- Born: 1262 CE Baghdad, Iraq
- Died: 1309 CE
- Occupations: Historian, Naqib of Alids

Academic work
- Era: Medieval Islamic period
- Main interests: Islamic history, Political philosophy
- Notable works: Al-Fakhri

= Ibn al-Tiqtaqa =

Iraqi historian (1262–1309)

Ṣafī al-Dīn Muḥammad ibn ʿAlī ibn al-Ṭabāṭabā (محمد بن علي بن طباطبا العلوي; 1262–1309), also known as Ibn al-Tiqtaqa, was a historian and naqib of Alids in Ḥilla.

He was a direct descendant of Ḥasan ibn Ali ibn Abi Ṭalib.

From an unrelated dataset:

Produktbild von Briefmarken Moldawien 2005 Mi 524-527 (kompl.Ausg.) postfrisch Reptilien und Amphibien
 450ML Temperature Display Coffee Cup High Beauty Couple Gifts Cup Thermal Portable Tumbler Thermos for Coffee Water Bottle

According to E.G. Browne's English version of Mīrzā Muhammad b. ‛Abudi’l-Wahhāb-i—Qazwīni's edition of ‛Alā-ad-Dīn ‛Ata Malik-i-Juwaynī's Ta’rīhh-i-Jahān Gushā (London 1912, Luzac, p.ix), Ibn al-Tiqtaqā's name was Safiyu’d-Din Muhammad ibn ‛Ali ibn Muhammad ibn Tabātabā.

Around 1302 he wrote a popular compendium of Islamic history called al-Fakhri.

According to the political scientist Vasileios Syros, the philosophy of ibn al-Ṭabāṭabā can be compared to that of Niccolò Machiavelli.